M. De Maistre nous semble avoir expliqué qu’imparfaitement et à demi l’infaillibilité, sous le point de vue théologique. « L’infaillibilité dans l’ordre spirituel et la souveraineté dans l’ordre temporel sont, dit-il (1), deux mots parfaitement synonymes ; l’un et l’autre expliquent cette haute puissance qui les domine toutes, dont toutes les autres dérivent, qui gouvernent et n’est point gouvernée, qui juge et n’est point jugée.»
Cette prétendue synonymie, cette identité n’est pas réelle. L’infaillibilité est plus que l’absolutisme, que la puissance suprême, qui ne connait point ici bas de supérieurs. Cette indépendance, ce droit de commander en maître, de juger sans contrôle et en dernier ressort, entrent sans doute dans l’infaillibilité ; mais ce n’est pas là précisément ce qui la constitue.
L’infaillibilité est la faculté, soit intrinsèque et essentielle comme dans Dieu, soit de privilège comme dans l’Eglise, de ne pouvoir errer. Le droit d’imposer une décision en découle, mais il en est distinct, comme une conséquence de son principe.
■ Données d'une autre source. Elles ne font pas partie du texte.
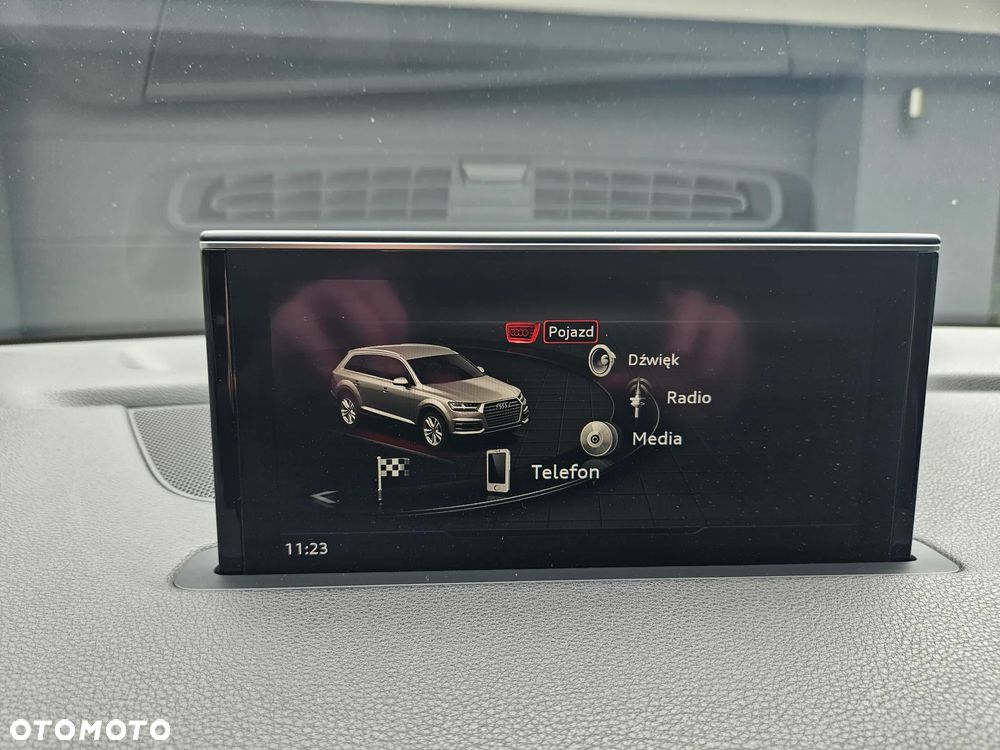 Audi Q7 50 TDI mHEV Quattro Black Edition Tiptr - 36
La souveraineté tire sa force de l’infaillibilité ; toute puissance qui n’est pas infaillible, n’est pas absolue; car ses arrêts, de fait ici-bas irréformables, sont sujets, s’ils sont iniques et faux, à être annulés ou par un législateur plus éclairé, ou par la vérité qui juge au ciel. Au contraire, la puissance infaillible n’est en aucune manière subalterne et subordonnée; elle se confond avec l’autorité de Dieu, avec sa véracité qui prononce par un organe humain.